§ **Instructions to follow**
Without copying any picture, transcribe exactly the lines of the data below from the one containing "MERCEDES GLE-CLASS GLE300D 4MATIC" through the one containing "Primer Congreso Internacional".

Image-caption web data
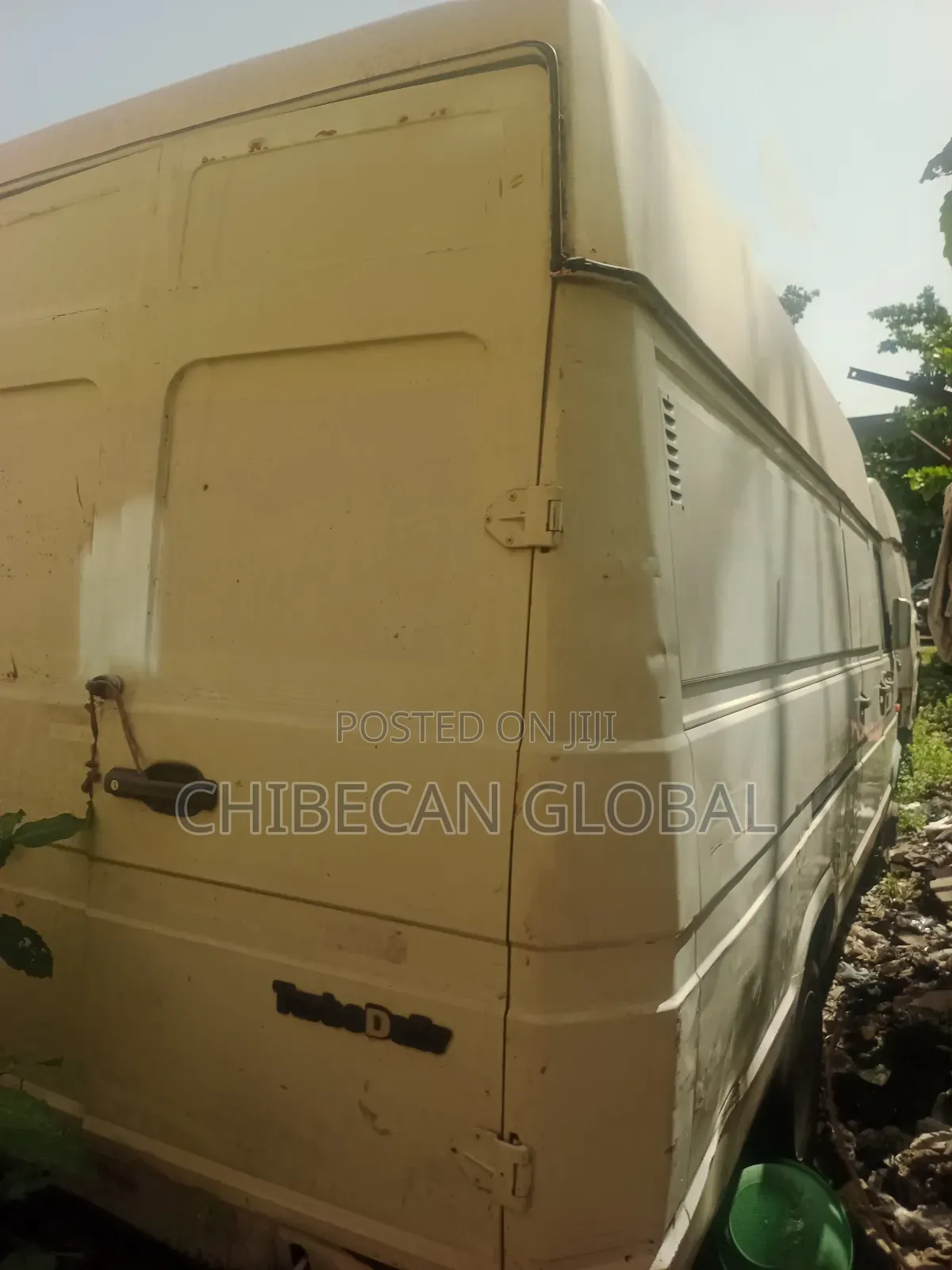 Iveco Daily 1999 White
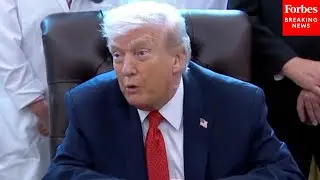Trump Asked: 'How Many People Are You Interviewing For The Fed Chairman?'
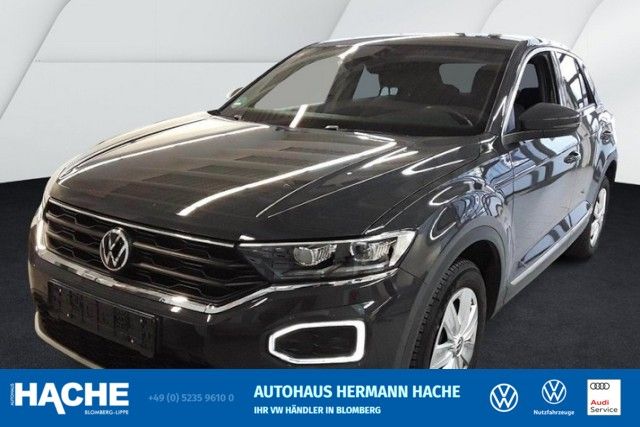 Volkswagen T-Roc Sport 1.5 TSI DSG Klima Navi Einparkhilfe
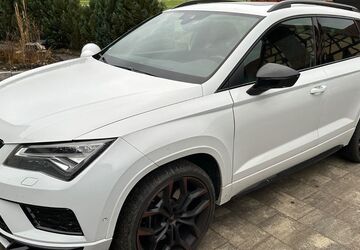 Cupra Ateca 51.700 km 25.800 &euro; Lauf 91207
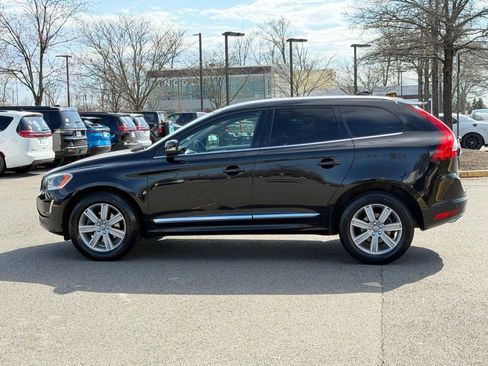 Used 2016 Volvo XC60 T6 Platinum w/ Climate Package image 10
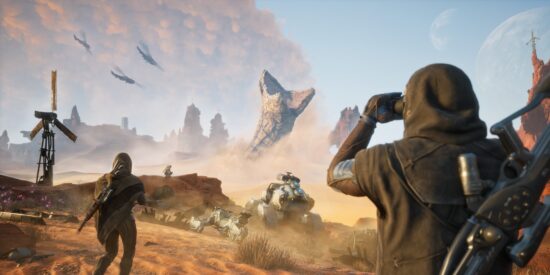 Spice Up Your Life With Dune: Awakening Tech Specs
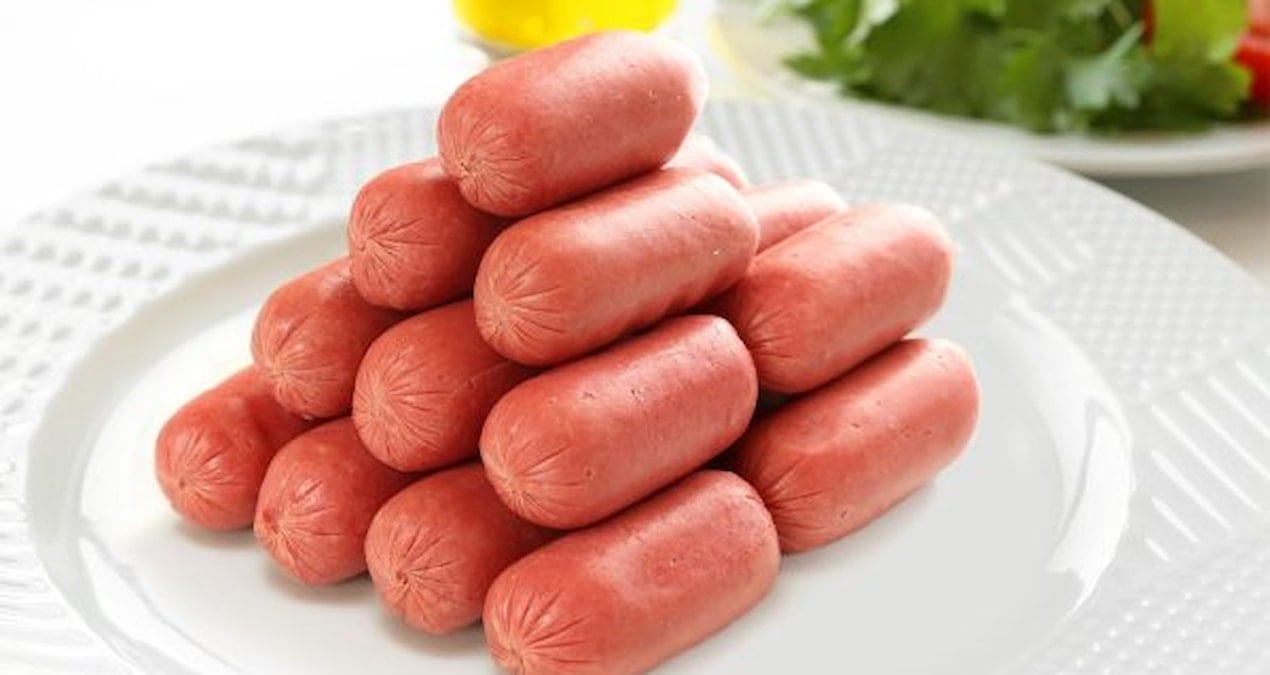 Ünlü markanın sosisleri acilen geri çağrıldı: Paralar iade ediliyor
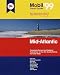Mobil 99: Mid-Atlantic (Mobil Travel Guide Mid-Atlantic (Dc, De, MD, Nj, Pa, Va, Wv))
--
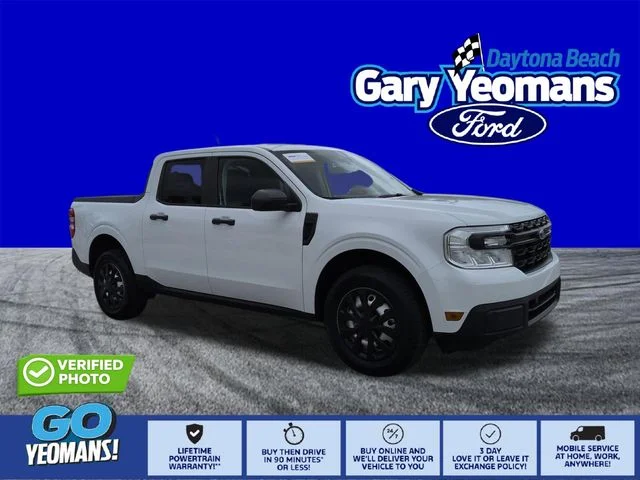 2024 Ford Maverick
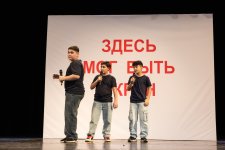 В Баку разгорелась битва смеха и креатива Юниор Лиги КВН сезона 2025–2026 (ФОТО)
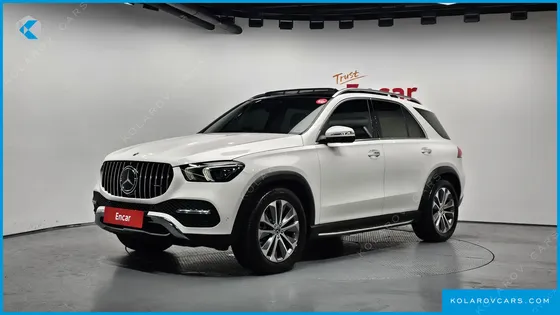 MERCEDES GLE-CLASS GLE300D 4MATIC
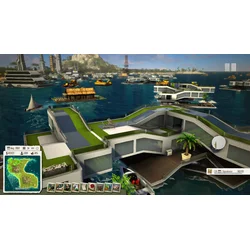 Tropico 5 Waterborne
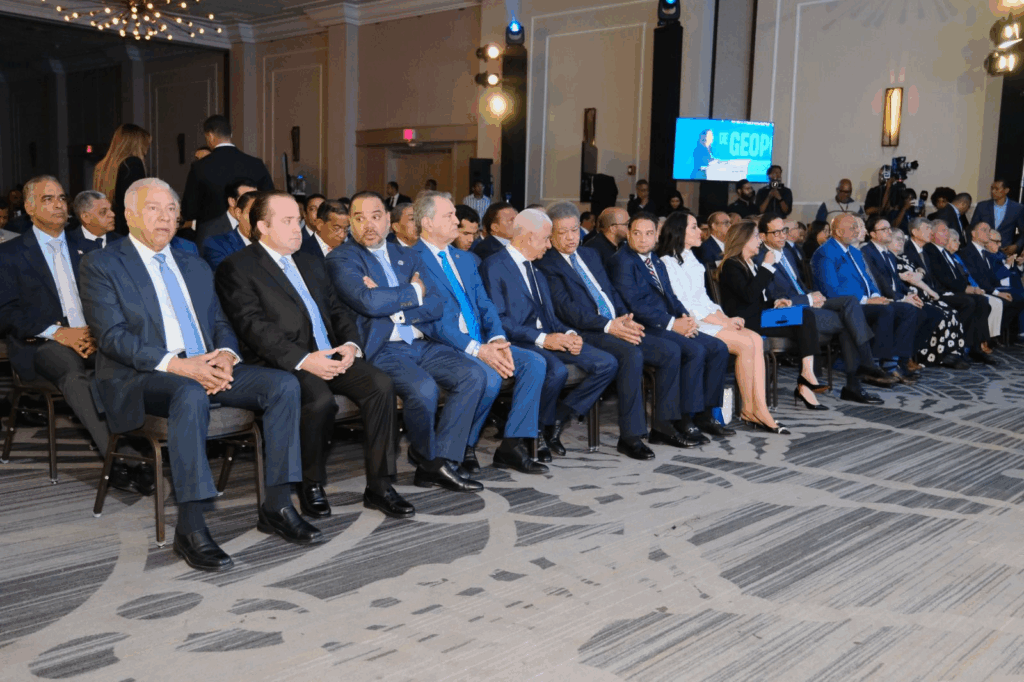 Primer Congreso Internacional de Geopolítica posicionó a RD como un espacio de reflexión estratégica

§ **Output below**
 MERCEDES GLE-CLASS GLE300D 4MATIC
 Tropico 5 Waterborne
 Primer Congreso Internacional de Geopolítica posicionó a RD como un espacio de reflexión estratégica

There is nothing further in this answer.